みかん

耳をすませばのみかんのネタバレレビュー・内容・結末

耳をすませば(2022年製作の映画)
3.0

このレビューはネタバレを含みます

ジブリの「耳をすませば」はかなり昔に見たきりだったので、うろ覚え状態で観賞しました。
なので比較はあまり出来ません。
一緒に見に行ったジブリ版が大好きなお友達は、本作はジブリ版を再現したシーンが結構あってそれは凄く良かったとのこと。

個人的には本作を実写化して、さらに10年後を描くことの良さがいまいちわかりませんでした。。。
10年経ち大人になって結婚やら仕事のことで悩む姿が描かれていて、あの甘酸っぱい10代の青春がジブリ版では良かったから、雫と聖司くんの関係にちょっと生々しさがでてしまってました。。。
なのに、大人同士の恋愛のリアルさはなくて、ジブリ版の頃の青春っぽさをかなり強調していたので、大人でも子供でもない、どっちの目線でも入り込めない感じになってました。

さらに、個人的にかなり気になったのが雫の描き方。
雫はずっとくよくよしていて、上手くいかないんですよねとか、物語書くのやめるって言ったりして周りに悩んでることを打ち明けるけど、勝手に聖司くんを美化して自分なんて・・・って自己完結している。
悩みを解決するのも誰かに頼りっぱなしだし、物語を再び書く決意をするのも単に聖司くんの言葉に感化されたからとかじゃなくて、創作意欲を掻き立てられるような出来事を経験するシーンを描くとかのほうが、雫の作家としての才能を垣間見る演出になったんじゃないかな、とか思いました。
もちろん聖司くんに影響を受けるのは本作もジブリ版も同じですが、ジブリ版はバロンとの印象的なシーンとかも丁寧に描かれていたので、そう思わずにはいられませんでした。
とくに、作家さんに土下座するシーンとか、相手に誠意を見せるなら相手が嫌な気持ちになるようなこんな謝り方したらダメだし、結局作家さんに励まされているし、自分の事しか考えてないキャラクターみたいに見えてしまった。。。
この全く自立できてない女性像に結構もやもやした。

本当に付き合ってるのかって思わせるコミュニケーションをとる二人も。
あんな何も言葉もなく、簡単に別れたことになっててびっくりした。
10年の繋がりがあるはずなのに。
ちゃんと話聞こうよってなった。。。

くよくよ悩むシーンより、もっと聖司くんが雫の才能や頑張りに魅力を感じるようなシーンが見たかったな。
10年後の雫の魅力がいまいち伝わってこなかったので。
作家としての才能もあるのかないのか。
夢を諦めないって決断したのは良かったですが。

色々言いましたが、ラストのプロポーズシーンは雫の笑顔がやっと見れて可愛かったし、聖司くんもかっこよく甘酸っぱい感じが保たれていて良かったなって思いました!
結婚しよう!ってシーンがきちんと回収されていて、このエンディングを見て「耳をすませば」だなぁって感じれました!

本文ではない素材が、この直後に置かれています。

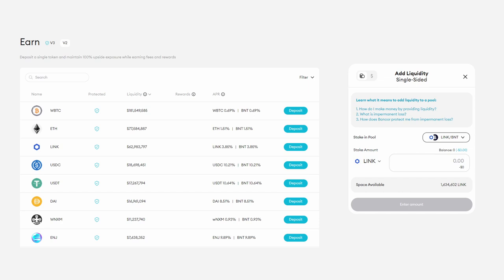However, if a user does have the token, they can choose to add to the liquidity of the pool and get a percentage of the trading fee on the back end. Touché Bancor.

ちなみに、聖司くんの手紙で、雫を観察してたみたいな一文があって思わず笑ってしまった。
聖司くんもっと気の効いた言葉選ばないと、ちょっとヤバさが滲み出てたよ!ってなった。
ジブリ版のときから言われてますが、雫が借りそうな本を先回りして読んでたってのも、聖司くんだから許されてるけどなかなか際どい距離の詰め方だよね笑。